La chambre sociale de la Cour de cassation précise, pour la première fois à notre connaissance, les effets de la situation irrégulière d’un travailleur étranger sur la poursuite de son contrat de travail à la suite de la perte, par son ancien employeur, du marché sur lequel il était affecté. Et ils sont simples : faute d’autorisation de travail valide à la date de la reprise du marché, l’intéressé ne peut pas prétendre à l’application des dispositions conventionnelles prévues en cas de changement de prestataire de services.
A noter : Bien que rendue en application de la convention collective nationale du personnel des entreprises de restauration de collectivités, la présente solution est applicable à tous les secteurs d’activité dans lesquels des dispositions conventionnelles régissent le transfert des contrats de travail en cas de changement de titulaire d’un marché.
Le salarié étranger en situation irrégulière à la date du transfert...
Dans cette affaire, un salarié, ressortissant d’un État tiers à l’Union européenne, a été engagé en qualité d’employé polyvalent de restauration sans toutefois détenir l’autorisation de travail requise pour exercer une activité salariée en France. Son employeur ayant perdu le marché sur lequel il était affecté, l’intéressé pensait malgré tout voir son contrat de travail transféré chez le nouveau prestataire, conformément à l’avenant n° 3 à la convention collective du personnel des entreprises de restauration de collectivités. Tel n’a pas été le cas, l’entreprise entrante ayant refusé de le reprendre à son service.

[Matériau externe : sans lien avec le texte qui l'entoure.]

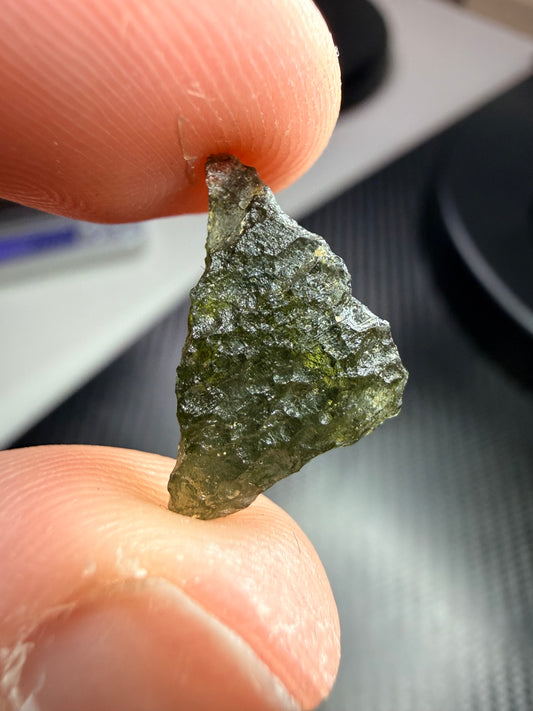 Moldavite 1.08 gram From Chlum (033)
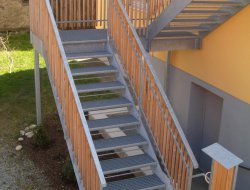 16_aussentreppe_gerade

Le travailleur étranger a donc saisi la juridiction prud’homale d’une demande de résiliation judiciaire de son contrat de travail aux torts du nouveau titulaire du marché. Débouté par la cour d’appel de Bordeaux, il s’est alors pourvu en cassation en invoquant deux arguments.
Il se fondait, tout d’abord, sur l’article 3 de la directive 2001/23/CE du 12 mars 2001 garantissant le maintien des droits des travailleurs en cas de transfert d’entreprise et sur l’article L 8252-1 du Code du travail disposant que le salarié étranger employé irrégulièrement est assimilé, à compter de la date de son embauche, à un salarié régulièrement engagé dans certains domaines. Selon lui, compte tenu de la protection accordée par le droit européen en la matière, le fait que l’article L 8252-1 précité ne vise pas explicitement les règles régissant le transfert des contrats de travail était sans importance sur son application.
Le demandeur relevait ensuite que toutes les conditions prévues par l’avenant n° 3 à la convention collective nationale du personnel des entreprises de restauration de collectivités étaient remplies. L’obligation de reprendre les salariés affectés sur le marché n’étant assortie d’aucune autre condition, le nouveau prestataire de services était donc tenu de poursuivre tous les contrats de travail en cours à la date de la reprise du marché en question. Autrement dit, le texte conventionnel ne subordonnant pas son application à la régularité du titre de séjour du travailleur, le salarié étranger devait nécessairement voir son contrat de travail transféré dans la nouvelle entreprise.
... ne peut pas imposer au nouvel employeur la poursuite de son contrat
Telle n’est pas la position de la chambre sociale de la Cour de cassation qui donne raison aux juges du fond et rejette en conséquence le pourvoi du salarié étranger.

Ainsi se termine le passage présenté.